Haben das alle Kunden verstanden?

Sagen wir zu 99 Prozent.

Da Sie bereits jetzt viele große Kunden haben: Erwarten Sie von dem neuen Preismodell eine Signalwirkung auf den Markt?

Wir hoffen – ganz ehrlich gemeint –, dass wir mit dem neuen Pricing und der offenen Kommunikation dazu beitragen können, dass der Preiskampf nicht den Markt kaputt macht. Jeder Anbieter hat den anderen unterboten. Ich möchte, dass unsere Wettbewerber überleben, denn nur Wettbewerb hält den Markt am Laufen und schafft auch bei uns Innovationen. Das geht nur über Preise, die ein tragfähiges Geschäftsmodell ermöglichen.

Trotz Ihrer Bedeutung für den Markt ist has·to·be immernoch ein relativ kleines Unternehmen. Mit nunmehr 100 Mitarbeitern ist ein so radikaler Wandel des Geschäftsmodells ein gewagter Schritt.

Das sehe ich auch so. Wir haben uns das mehr als ein halbes Jahr lang überlegt und immer wieder daran gearbeitet. Für uns ist es im Wachstumsprozess aber sehr wichtig, dass wir diesen Schritt gemacht haben. Und wenn ich auf die Entwicklung des eMobility-Markts an sich schaue, denke ich, dass wir den richtigen Zeitpunkt erwischt haben. Wir können jetzt in den kommenden Jahren mit der gefragten Professionalität die großen Projekte angehen. Da sind wir auch in Vorleistung gegangen und haben viel investiert.

Können Sie Beispiele nennen?

Wir haben im vergangenen Jahr sehr stark in unsere Plattform investiert und machen das auch weiter. Also etwa Themen wie „Single Sign On“, damit sich Kunden mit ihrem Salesforce- oder Office365-Account direkt in unserem be.ENERGISED-Backend anmelden können. Zudem haben wir wie erwähnt viel in das Thema Umsatzsteuer und Tax investiert und die Zahl der Mitarbeiter ausgebaut – in dieser Woche ist der 100. Mitarbeiter in unsere Firma gekommen. Ende des Jahres wollen wir bei 150 sein. Im Vertrieb sind wir gut aufgestellt, wir wollen vor allem den 24/7-Betrieb und die Software-Entwicklung stärken. Wir wollen unsere Erstreaktionszeit auf eine Störung weiter bei fünf Minuten halten, auch bei steigender Anzahl an Ladepunkten. Deshalb müssen wir jetzt investieren.
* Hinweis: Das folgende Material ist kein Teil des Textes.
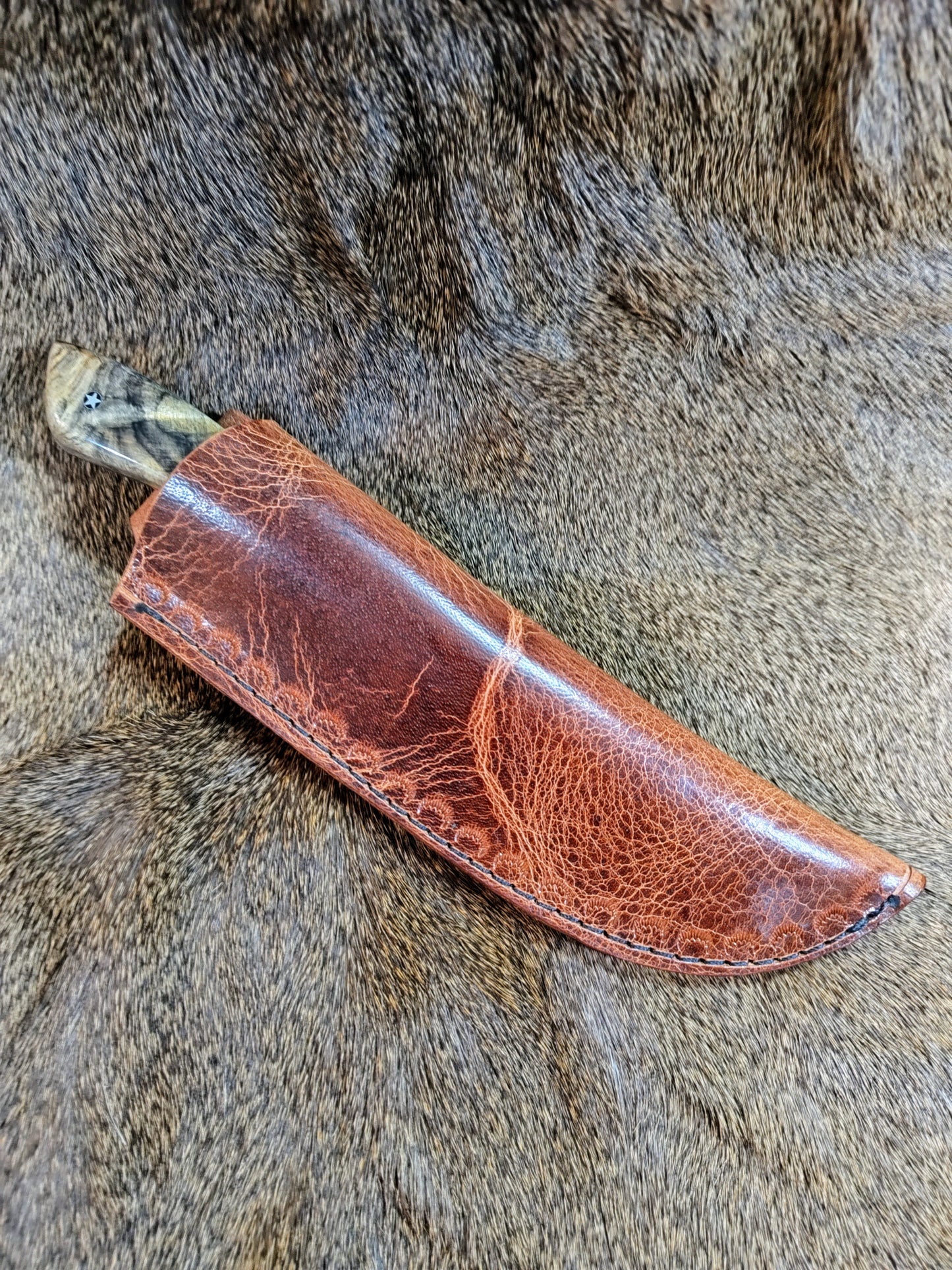 Leather Knife Sheath; Distressed Brown; Thick Water Buffalo Leather; Right or Left Handed; Fixed Blade Sheaths; 6 Sizes
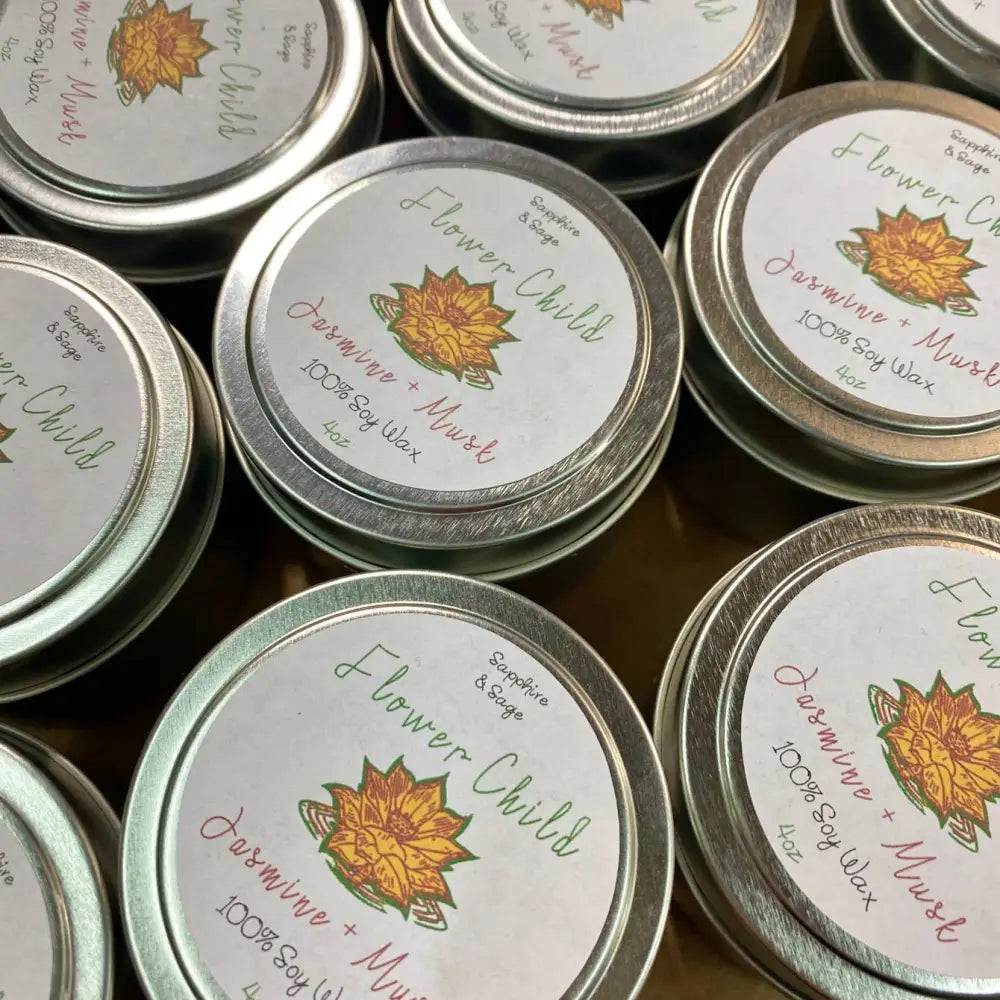 4oz Garnet and Calendula Jasmine Musk soy wax candle tin with sunflower design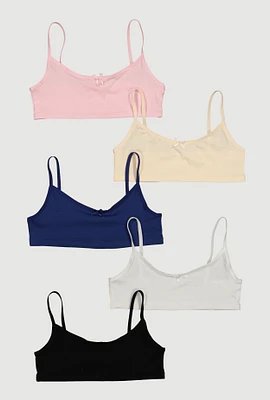 Womens Girls Bow Detail Cami Bra 5 Pack, Multi, Size M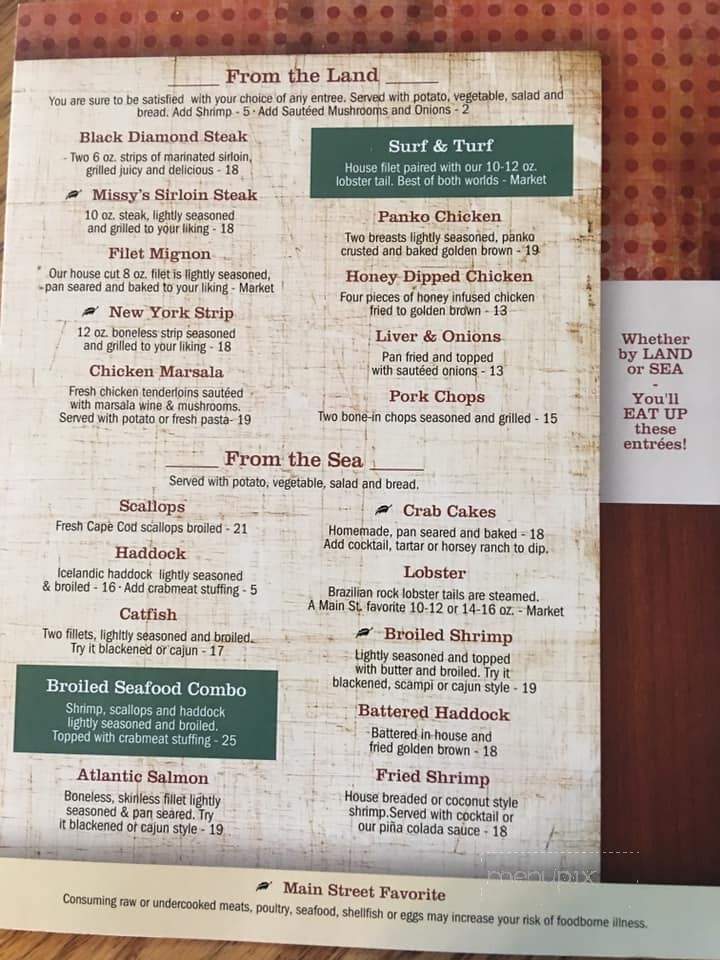 Main Street Bar & Grill - Mocanaqua, PA menu_pic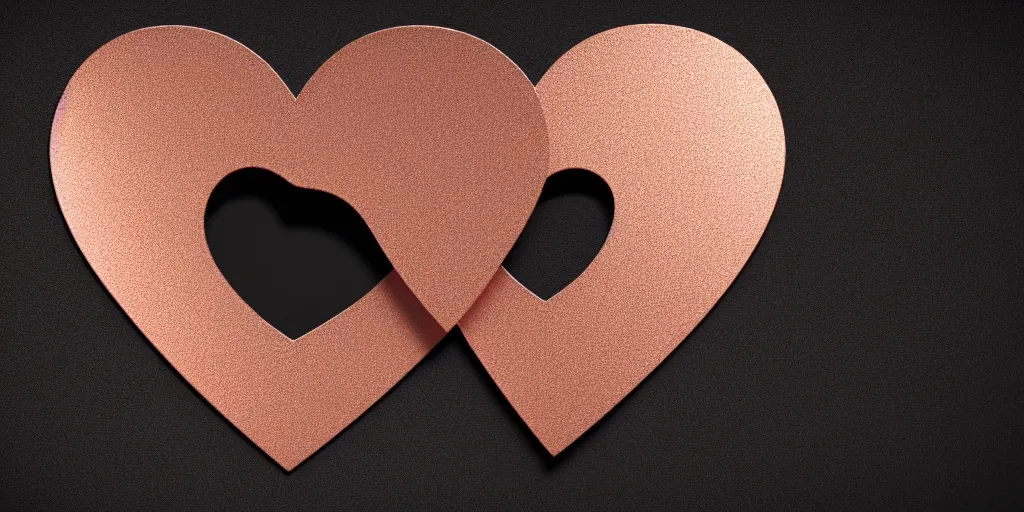 Image similar to rose gold heart, deep black background, octane render, v-ray, 8k, C4D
Herr Klässner, vielen Dank für das Gespräch!

4 Kommentare

zu „has·to·be-CEO Klässner kündigt neues Preismodell an“
Dieter Traenkner
16.02.2020 um 08:33
Nichts gegen die Ausführungen zum Thema an sich. Aber wäre es nicht möglich, diese in deutscher Sprache zu verfassen ? Außerdem: Elektromobilität wird für die breite Masse erst dann Normalität, wenn es europaweit möglich ist überall und an jeder Ladesäule die bezogene Energiemenge mit einer normalen Kreditkarte zu bezahlen,
Thomas Müller
16.02.2020 um 14:10
Ist mit Auswirkungen auf Endkunden zu rechnen, wenn die örtlichen Stadtwerke ihre Ladesäulen über Has to be betreiben? Sprich: Müssen wir signifikante Preiserhöhungen fürchten?
Otto Schweitzer
17.02.2020 um 11:55
Erinnert etwas an die Geschichte der Service Provider fuer die D-Mobilfunknetze 1991-1993.
Georg Brandstetter
30.08.2020 um 22:15
Geht's noch?! So kann man die Elektromobolität auch abwürgen! Mit komplizierten Abrechnungsverfahren und unverschämten Preisforderungen. Tesla hat ein erstklassiges Netz von Ladenstationen in ganz Europa. Under Preis von 0,28 EUR/kWh ist fair. Wenn die deutschen Autobauer (und die Politiker) wirklich wollen, dass es in Deutschland vorgeht mit der Elektromobilität sollten sie sich ein Beispiel an Tesla nehmen!